I used to pass through a large subway station in Manhattan on my commute home, and every evening on my way to the train I saw a panhandler begging in the station with a couple of kittens at his side. The kittens didn’t look healthy, and they never grew — but that was because he swapped them frequently for new kittens. I don’t know where he got his supply of kittens or what he did with the ones who grew too big for his standards. Every day I was tempted to grab the furry babies and run so I could nurse them back to health and save them from whatever fate awaited them when they grew up, but I knew he would just replace them with new, sad kittens.
This memory leapt to mind when I read SFGate‘s story about San Francisco’s plan to recruit panhandlers to foster homeless puppies. The proposed program, called “Woof,” won’t help homeless people: only those with housing may participate.
The city will pay $50 to $75 per week in exchange for fostering the puppies on the condition that participants in the program stop begging. If they are caught begging with the puppies, the dogs will return to the shelter.
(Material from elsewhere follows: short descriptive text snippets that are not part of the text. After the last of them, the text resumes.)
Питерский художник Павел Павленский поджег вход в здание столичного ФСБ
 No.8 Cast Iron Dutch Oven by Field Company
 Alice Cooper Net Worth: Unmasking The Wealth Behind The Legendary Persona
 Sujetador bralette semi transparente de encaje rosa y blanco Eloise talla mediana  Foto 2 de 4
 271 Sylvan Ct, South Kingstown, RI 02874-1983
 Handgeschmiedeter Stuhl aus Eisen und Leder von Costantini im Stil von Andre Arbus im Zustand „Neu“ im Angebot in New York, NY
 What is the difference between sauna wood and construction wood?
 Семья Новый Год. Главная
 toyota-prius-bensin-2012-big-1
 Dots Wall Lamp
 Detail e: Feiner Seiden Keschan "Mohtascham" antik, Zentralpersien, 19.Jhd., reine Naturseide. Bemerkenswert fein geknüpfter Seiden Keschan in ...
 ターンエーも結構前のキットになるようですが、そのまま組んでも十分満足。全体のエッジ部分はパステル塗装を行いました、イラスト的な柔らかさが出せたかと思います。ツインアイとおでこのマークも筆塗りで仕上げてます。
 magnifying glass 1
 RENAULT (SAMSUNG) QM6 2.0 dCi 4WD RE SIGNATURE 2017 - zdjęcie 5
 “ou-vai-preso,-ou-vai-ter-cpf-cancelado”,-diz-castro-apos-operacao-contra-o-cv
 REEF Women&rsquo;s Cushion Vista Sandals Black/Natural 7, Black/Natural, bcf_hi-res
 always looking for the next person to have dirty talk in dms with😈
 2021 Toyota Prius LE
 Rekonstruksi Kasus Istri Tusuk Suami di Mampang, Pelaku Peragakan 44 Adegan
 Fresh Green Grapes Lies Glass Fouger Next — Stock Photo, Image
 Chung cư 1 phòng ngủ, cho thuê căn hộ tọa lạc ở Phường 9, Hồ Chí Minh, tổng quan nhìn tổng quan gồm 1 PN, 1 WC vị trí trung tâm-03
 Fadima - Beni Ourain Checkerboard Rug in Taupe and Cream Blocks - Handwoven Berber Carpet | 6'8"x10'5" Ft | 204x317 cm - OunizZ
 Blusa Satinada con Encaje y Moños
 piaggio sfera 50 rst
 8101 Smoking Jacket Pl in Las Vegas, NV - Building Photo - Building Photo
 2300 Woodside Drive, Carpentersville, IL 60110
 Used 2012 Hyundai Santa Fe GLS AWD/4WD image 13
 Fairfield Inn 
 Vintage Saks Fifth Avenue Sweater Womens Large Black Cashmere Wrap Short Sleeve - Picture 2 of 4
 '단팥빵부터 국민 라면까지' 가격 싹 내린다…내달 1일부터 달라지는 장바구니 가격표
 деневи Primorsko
The two goals of this project — to get panhandlers off the streets, the other to socialize puppies who would otherwise be euthanized — are laudable. Ideally they could brighten the lives of former panhandlers, save the lives of homeless dogs, and improve the quality of life for San Francisco’s residents by reducing the number of beggars on the streets.
But will this program achieve those goals? Several factors will determine the outcome:
- How much money do Bay Area panhandlers generally make in a week? If they make more than $50 to $75, there is no financial incentive for them to participate in the program, or to abide by the rule against begging if they do participate.
- What enforcement efforts will authorities make to ensure that foster parents don’t beg with the puppies? How high are the chances that they would get caught if they did so?
- Each puppy would be fostered for only two to six weeks. Is that enough time for someone with minimal training to socialize a puppy so problematic that he or she had been deemed unadoptable? It usually takes longer than that.
If Woof does succeed it will be a marvelous boon to panhandlers and to homeless puppies. The odds seem gainst it. What do you think?